Ecosyste.ms: Awesome

An open API service indexing awesome lists of open source software.

Awesome Lists | Featured Topics | Projects

https://github.com/sile/cl-dawg

Direct Acyclic Word Graph
https://github.com/sile/cl-dawg

common-lisp dawg double-array

Last synced: about 1 month ago
JSON representation

Direct Acyclic Word Graph

Awesome Lists containing this project

README

        

cl-dawg
========

- A map implementation based on DAWG (Directed Acyclic Word Graph)
- Maps are serialized to sequences of bytes using double array trie format
- This takes static key set, and assigns the unique identifiers for the each keys
- Note that the input keys must be unique and lexically ordered
- The identifier assigned to a key is the zero-origin index of the key in the input sequence
- This library aims to provide a handy way for building maps which have tens of millions of elements in Common Lisp

Build
-----

```lisp
(require :asdf)
(push *default-pathname-defaults* asdf:*central-registry*)
(asdf:load-system :dawg)
```

Example
-------

```lisp
(dawg:build :input "/usr/share/dict/words" :output "words.dawg")
(defparameter *dawg* (dawg:load "words.dawg"))

(dawg:member? "hello" *dawg*)
T

(dawg:get-id "hello" *dawg*)
50195

(dawg:each-common-prefix (id end) ("hello" *dawg*)
(print (list id (subseq "hello" 0 end))))
(49012 "h")
(49845 "he")
(50183 "hell")
(50195 "hello")
```

API
---

### `dawg:build (&key input output byte-order show-progress) => t`

Builds a DAWG index file from the input key set.

- `input`:
- The pathname of a key set file or a list of keys
- "key set file" is line delimitered plain text file (a line represents a key)
- Restrictions:
- The input keys must be unique and lexically ordered
- A key cannot contain null characters
- Type: `(or string pathname list)`
- `output`:
- The pathname of the resulting DAWG index file
- Type: `(or string pathname)`
- `byte-order`:
- The endianness of the output file
- Type: `(member :native :little :big)`
- Default: `:native`
- `show-progress`:
- Indicates whether or not to show the progress
- Type: `boolean`
- Default: `nil`

### `dawg:load (index-path &key byte-order) => dawg:dawg`

Loads the DAWG map from the specified index file.

- `index-path`:
- The pathname of an index file that built via `dawg:build` function
- Type: `(or string pathname file-stream)`
- `byte-order`:
- The endianness of the input file
- Type: `(member :native :little :big)`
- Default: `:native`

### `dawg:member? (key dawg &key start end) => boolean`

Returns `t` if `dawg` contains the given key, otherwise `nil`.

- `key`:
- Type: `(simple-array character)`
- `dawg`:
- Type: `dawg:dawg`
- `start`:
- The start position in `key`
- Type: `positive-fixnum`
- Default: `0`
- `end`:
- The end position in `key`
- Type: `positive-fixnum`
- Default: `(length key)`

### `dawg:get-id (key dawg &key start end) => (or null fixnum)`

Returns the identifier assigned to the given key.
If the key does not exist in `dawg`, this function will return `nil`.

- `key`:
- Type: `(simple-array character)`
- `dawg`:
- Type: `dawg:dawg`
- `start`:
- The start position in `key`
- Type: `positive-fixnum`
- Default: `0`
- `end`:
- The end position in `key`
- Type: `positive-fixnum`
- Default: `(length key)`
 
### `dawg:each-common-prefix ((match-id match-end) (key dawg &key start end) &body body)`

Executes common-prefix search for the given key.

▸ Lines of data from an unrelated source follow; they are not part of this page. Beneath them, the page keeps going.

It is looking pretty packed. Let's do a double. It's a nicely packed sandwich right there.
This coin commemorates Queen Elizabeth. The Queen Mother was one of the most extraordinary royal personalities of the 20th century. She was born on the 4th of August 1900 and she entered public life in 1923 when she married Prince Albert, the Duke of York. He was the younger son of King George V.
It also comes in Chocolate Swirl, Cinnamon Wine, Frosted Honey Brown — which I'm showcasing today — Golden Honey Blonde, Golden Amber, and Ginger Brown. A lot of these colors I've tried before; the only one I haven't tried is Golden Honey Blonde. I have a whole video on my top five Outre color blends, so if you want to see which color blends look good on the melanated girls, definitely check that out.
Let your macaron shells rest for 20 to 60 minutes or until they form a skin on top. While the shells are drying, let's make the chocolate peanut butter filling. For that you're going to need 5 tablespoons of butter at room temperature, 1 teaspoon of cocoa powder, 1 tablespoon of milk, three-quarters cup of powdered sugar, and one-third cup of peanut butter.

For each key in `dawg` that matches the prefix part of `key`, `match-id` and `match-end` are bound then `body` is exeucted.

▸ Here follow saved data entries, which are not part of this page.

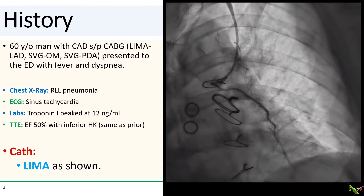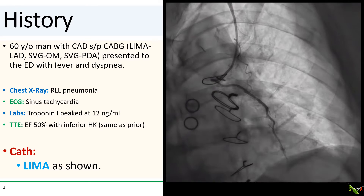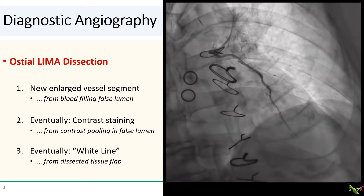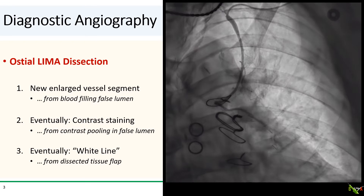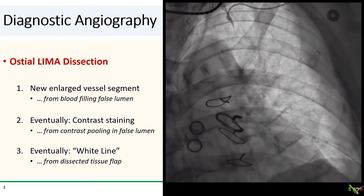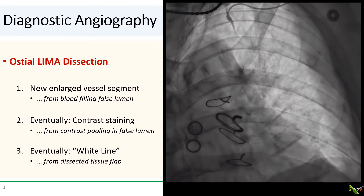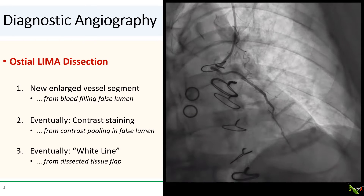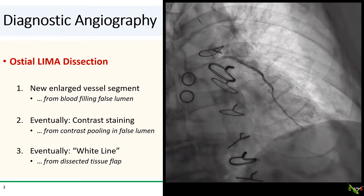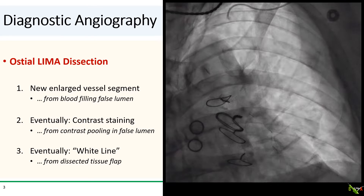You see here the first shot of the LIMA from the left radial approach. What we see here is a classic sign of the very start of a dissection that is important to recognize immediately — a suddenly enlarged vessel segment, propagating from the ostium of the LIMA down. This sudden enlargement is due to the formation of a false lumen, with blood and contrast filling the newly formed false lumen.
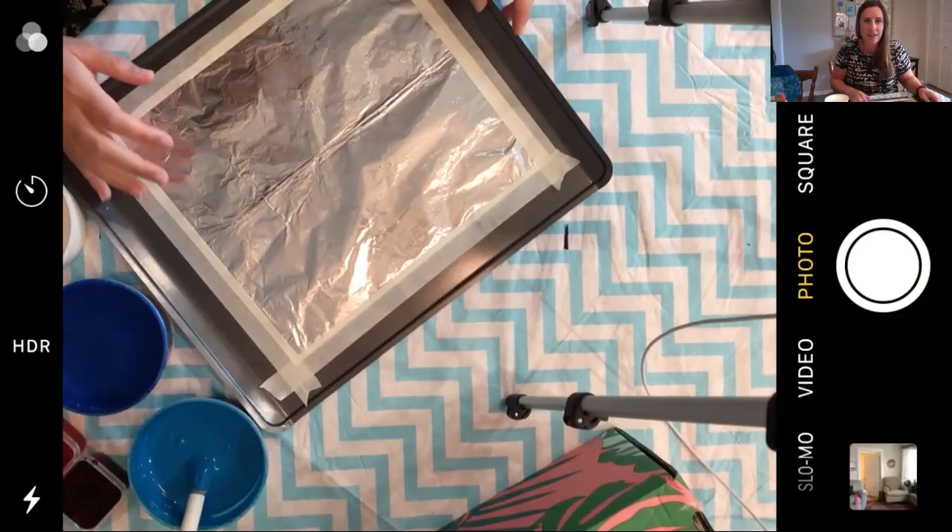This is a process art project, so this project is more about the process itself than the product — what you're experiencing while you're doing it, using your senses. You will usually end up with a cool painting as well. So let's get started — let me change my view so you can see what I'm doing.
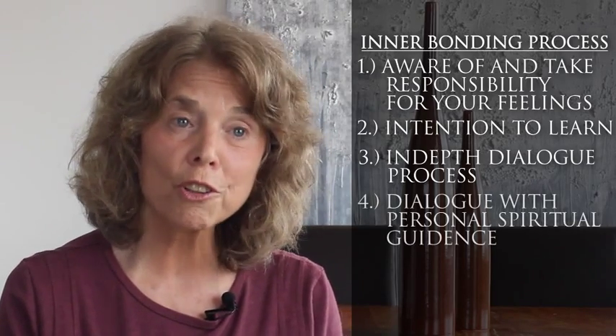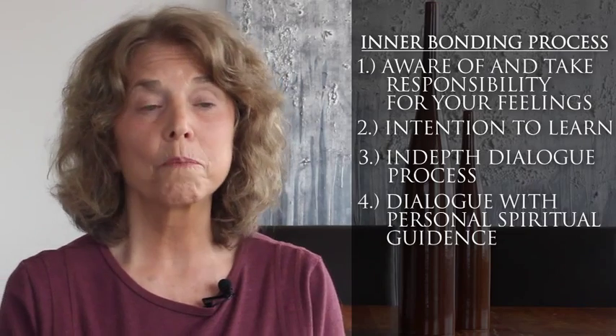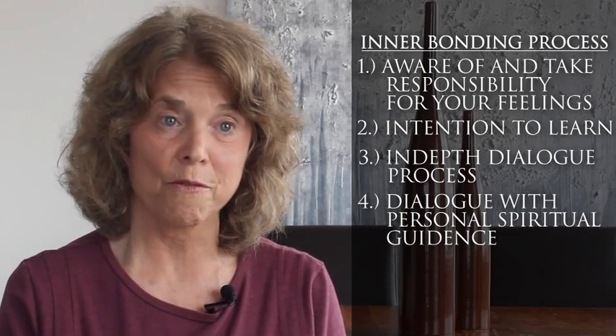In step four you're learning to turn to a personal source of spiritual guidance. We train you to do that in the interbonding process — how to access that personal source of guidance. When you access your guidance, you're accessing the truth about the false beliefs that you have and the loving action towards yourself.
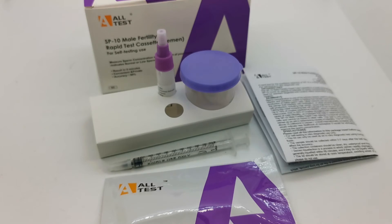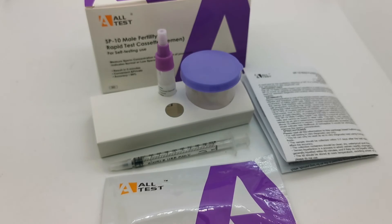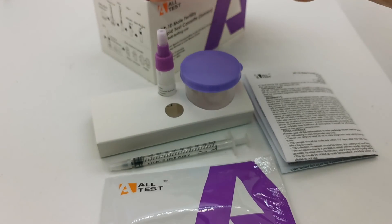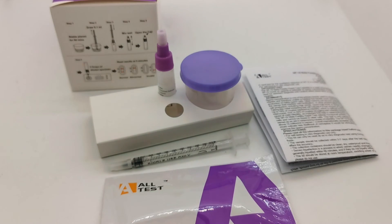So that's the product contents. It takes an hour after the sample is collected for you to run the test, and a further 10 minutes to get the results. You then get very clear positive or negative results on the test cassette. If the test is positive, that's a normal result. If it's abnormal, just the control line on the test cassette shows, indicating that the sperm levels are below 15 million per mil on the sample added to the cassette at that time.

By using the `return` function, it is possible to break the loop halfway.

- `match-id`:
- The identifier of the key matched with the prefix part of the input `key`
- Type: `positive-fixnum`
- `match-end`:
- The end position of the matched part in the input `key` (i.e., the length of the matched key)
- Type: `positive-fixnum`
- `key`:
- Type: `(simple-array character)`
- `dawg`:
- Type: `dawg:dawg`
- `start`:
- The start position in `key`
- Type: `positive-fixnum`
- Default: `0`
- `end`:
- The end position in `key`
- Type: `positive-fixnum`
- Default: `(length key)`
- `body`:
- The expression to be executed in each iteration

### `dawg:each-predictive ((match-id) (key dawg &key start end) &body body)`

A simplified version of `dawg:each-common-prefix` that does not bind the `match-end` variable in each iteration.